The material below holds the lines to copy: from the one with "TELEFON REALME NOTE 50" up to and including the one with "Opensource Builders logo". Copy them exactly and skip the pictures.

• Data:
*** Begin section ***

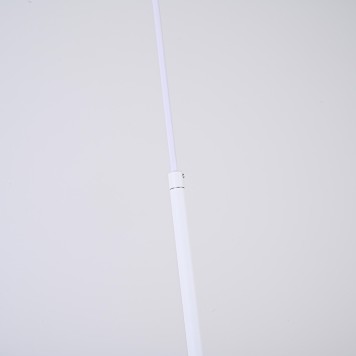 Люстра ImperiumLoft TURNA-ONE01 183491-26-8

*** End section ***
*** Begin section ***

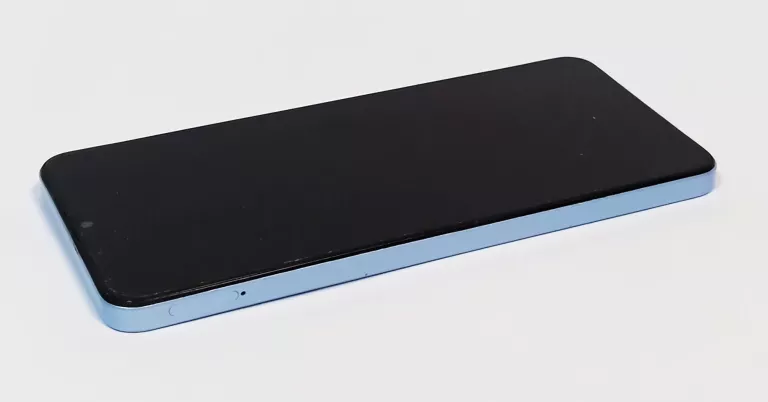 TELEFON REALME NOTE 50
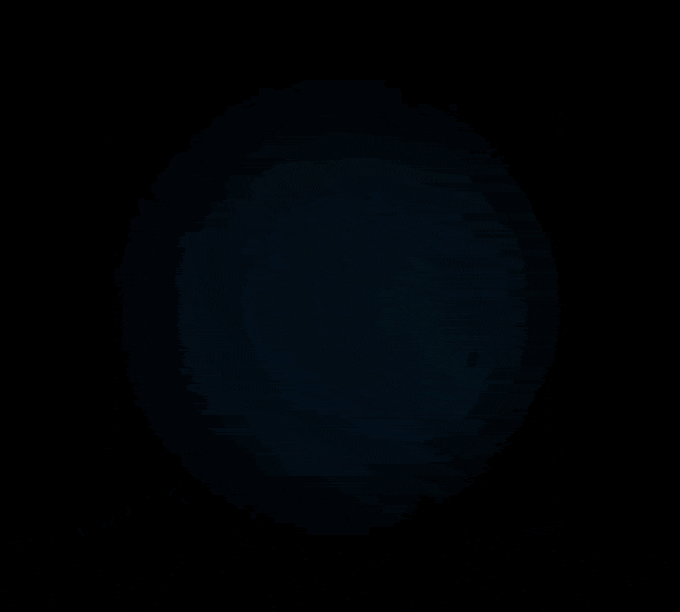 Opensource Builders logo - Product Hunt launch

*** End section ***
*** Begin section ***

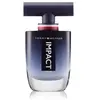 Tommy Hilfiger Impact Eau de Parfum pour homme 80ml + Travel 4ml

*** End section ***

• Exercise answer:
 TELEFON REALME NOTE 50
 Opensource Builders logo - Product Hunt launch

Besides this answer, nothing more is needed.